Why can’t Mrs. Frisby catch a break?

Poor Mrs. Frisby. Looks like Bedrock Studios is the latest studio to disrespect her name.

The hero of Robert C. O’Brien’s classic children’s novel Mrs. Frisby and the Rats of NIMH never gets any credit. When Don Bluth’s extravagant animated adaptation hit theaters, her name had been dropped from the title. Now it was just The Secret of NIMH.

But that’s not all. In the movie, her name had been changed to Mrs. Brisbie!

Why? According to Wikipedia, the name was changed “to avoid potential objections from the makers of the frisbee, Wham-O.” Huh. Really? It’s spelled differently in the book. And the book is already published and beloved!

Now, word arrives that Bedrock Studios is working on an adaptation of the same book. But they’ve chewed off Mrs. Frisby’s name! If the article is accurate, the movie will be called Rats of NIMH*. (Hmm. Is it uncool to have “Mrs.” in the title? Not sexy enough? Or does the name Frisby remind kids of this guy? I doubt it.)

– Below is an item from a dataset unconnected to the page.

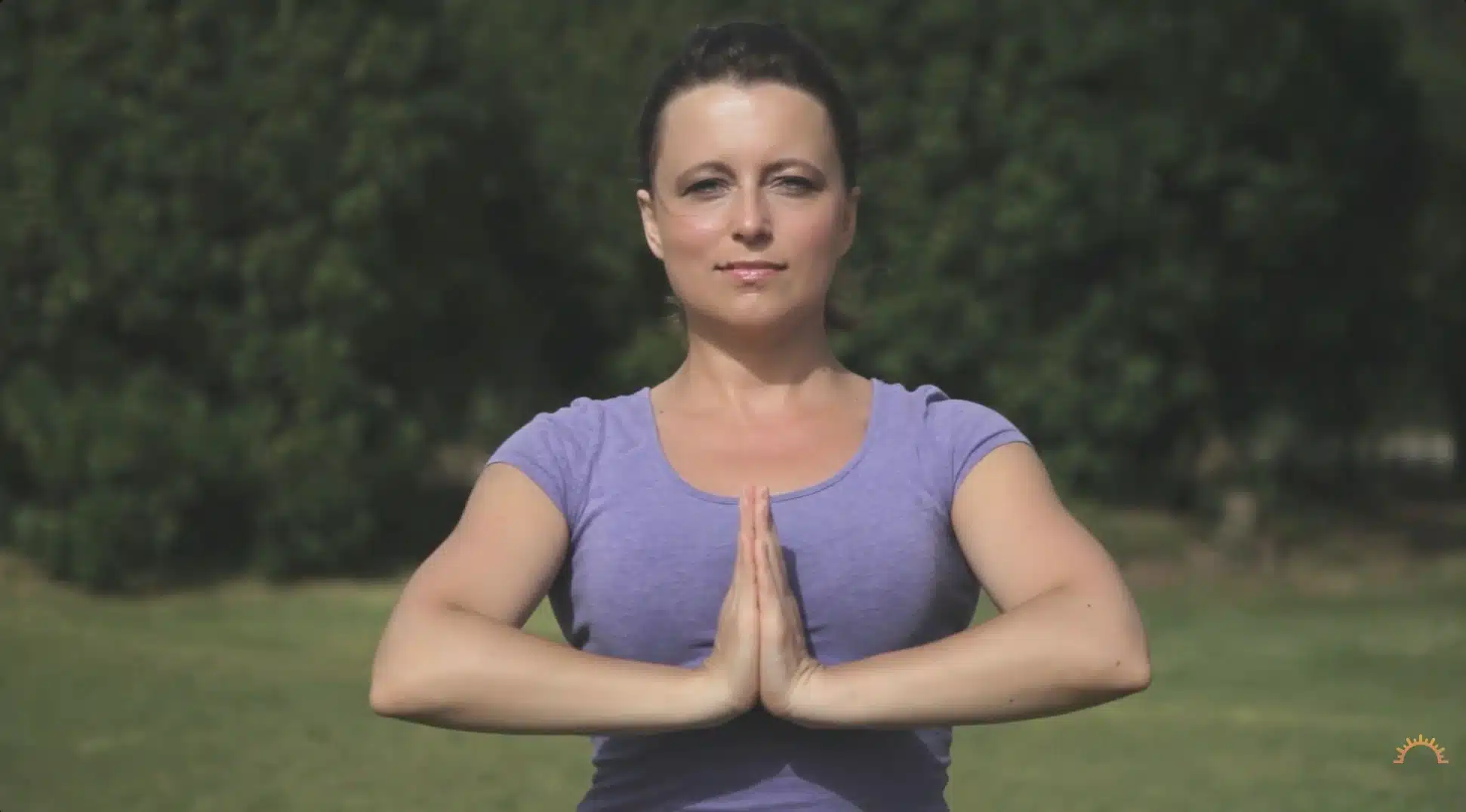 woman holds prayer pose outdoors with palms together in a calm green setting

I mean… why not stick with Mrs. Frisby and the Rats of NIMH? Or just Frisby and the Rats of NIMH? Or just… Frisby? Think of the merchandising possibilities!

I’m worried. Is it just that Rats of NIMH sounds more dangerous? In that case, maybe they’ll change The Hobbit to The Dragon Smaug.

And look! Bedrock is producing A Wrinkle in Time. Wouldn’t The Three Witches be more menacing? Or perhaps they should just make a reference to the story’s villain, which would be simple and catchy:  It.

* The story actually shows the title to be Rats of NIMH at Paramount. But I assume somebody just got the italics wrong.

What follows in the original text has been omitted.